With the concept gaining immense popularity, developments in this space and more frequent that ever:
In April 2021, Zoomo introduced the Zoomo Sport e-bike. This e-bike comes with intelligent features such as GPS tracker, Zoomo recovery, intelligent traction control that auto detects wet roads, and reduction in wheel slippage.
In November 2019, Bolt Bikes, an Australia-based startup, launched flexible subscriptions for electric bikes on a week-to-week contract for US$ 39. Additional facilities on the platform include fleet management, financing, and servicing of e-bikes.
"E-bike subscription platform providers should focus on offering e-bikes with intelligent features such as GPS tracking, traction control, remote locking, and crash detection," says a Persistence Market Research analyst.

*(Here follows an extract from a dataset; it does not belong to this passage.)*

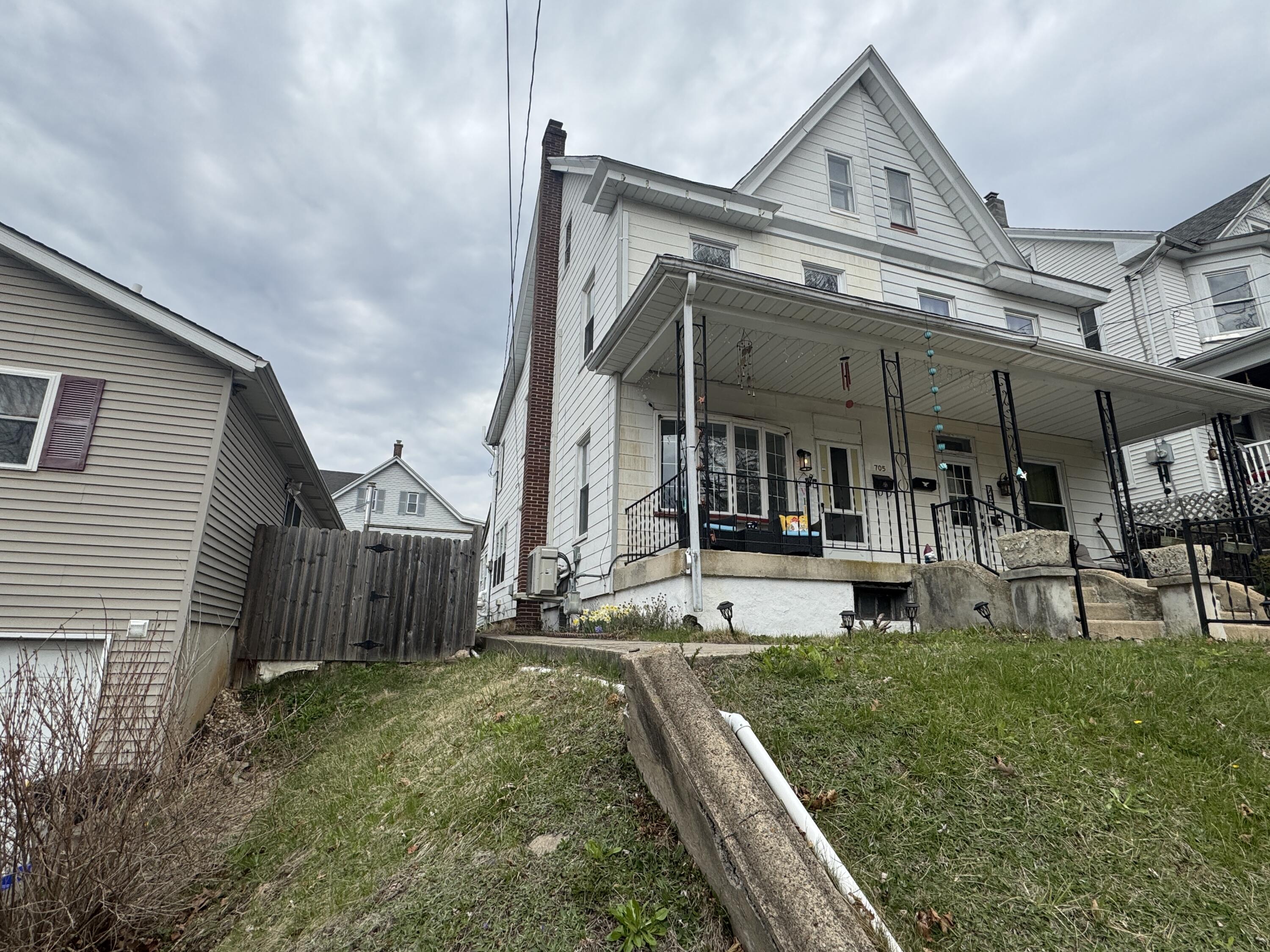 705 Center Street, Jim Thorpe, Pennsylvania image 2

Rise in Fuel Prices to Propel Market Growth
Electricity used in electric vehicles is stored in the form of chemical energy in the batteries. These batteries are recharged by the transmission of electricity from an outside source. The main source of electricity for recharging batteries is the overhead lines of grid networks that are mainly produced from coal and renewable sources.
Growth in the transportation sector has severely depleted non-renewable petroleum reserves, causing fuel prices to rise. This rise will be exponential over the coming years as crude oil reserves will further reduce, leading to higher demand, paving the way for the growth of vehicles running on alternate sources of energy.
As such, high price of fuel is increasing the adoption of e-bikes across various countries. E-bike usage is increasing for avoiding traffic in big cities and for reducing carbon footprint. Businesses are subscribing to e-bikes on various subscription platforms, as this is an affordable way to own an e-bike.
Persistence Market Research's report on the e-bike subscription platform market is segmented into four major sections – revenue model (monthly, quarterly, annually, pay-as-you-go), bike type (e-bicycles, e-scooters), end user (individuals, commercial), and region (North America, Latin America, Europe, East Asia, South Asia & Pacific, and the Middle East & Africa), to help readers understand and evaluate the lucrative opportunities in the market.